I can’t stress enough how important it is to be a good listener. You never know if you’re the only person someone has to talk to or if someone is asking for help unless you listen to them. I get that sometimes it’s difficult to focus on what someone is saying, especially if they’re talking a lot or talking really fast. But that person is talking to you for a reason. They want you to hear what they have to say, and they’ll listen to what you have to say in return. Relationships are not one-sided — both people need to be heard equally.
By not listening to what someone is saying, you’re telling them that what they have to say doesn’t matter, and that you don’t really care about having a relationship with them. If you did care, you would value their words like they value yours.
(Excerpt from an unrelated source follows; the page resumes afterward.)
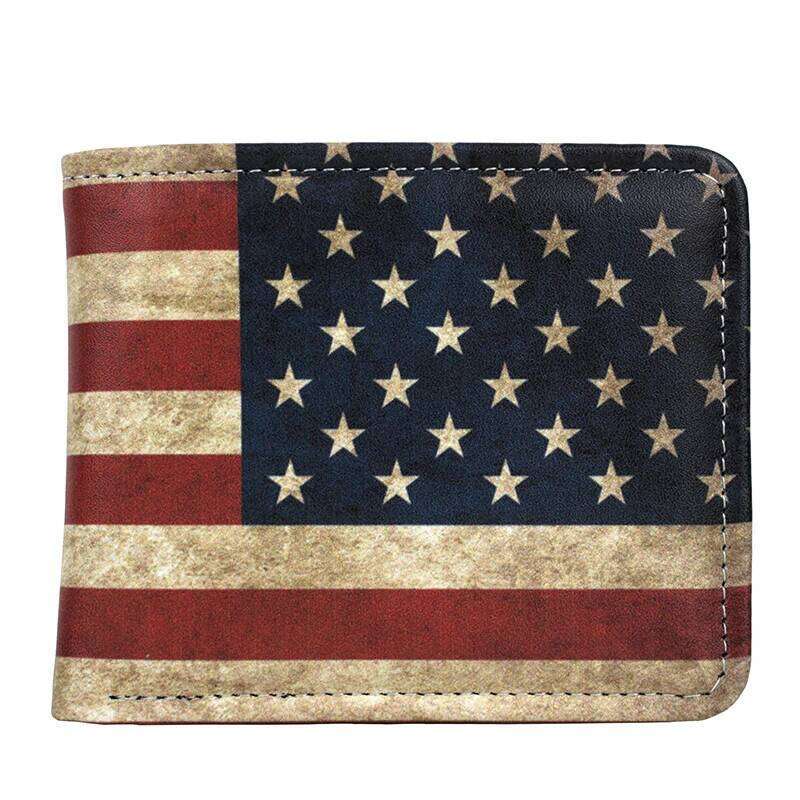 USA Flag Design Wallet PU Leather Short Purse with Zipper Coin Pocket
It is impossible to express ourselves verbally when no one is listening. Speaking from experience, feeling unheard is the worst feeling in the world. My old friends never cared about what I had to say. They always led our conversations, and the conversation topic needed to be centered around them, too. As soon as I tried to talk about something related to my life, they would lose interest, and the conversation would die.
So how can you prevent yourself from being a bad listener? First, it’s important to make eye contact when someone is talking to you. I know this can be uncomfortable, but it shows the other person that you’re paying attention to them. Second, you should respond every now and then — but not interrupt — to further show that you’re listening and that you care. Lastly, if you have a story you want to tell that relates to what someone is saying, don’t start talking until the person finishes. Jumping in to talk about yourself without waiting for them to finish just shows that you’d rather talk about yourself than them.
I hope that more people can value the act of listening attentively and positively responding to conversations. Amazing relationships can form when two people value each other’s words.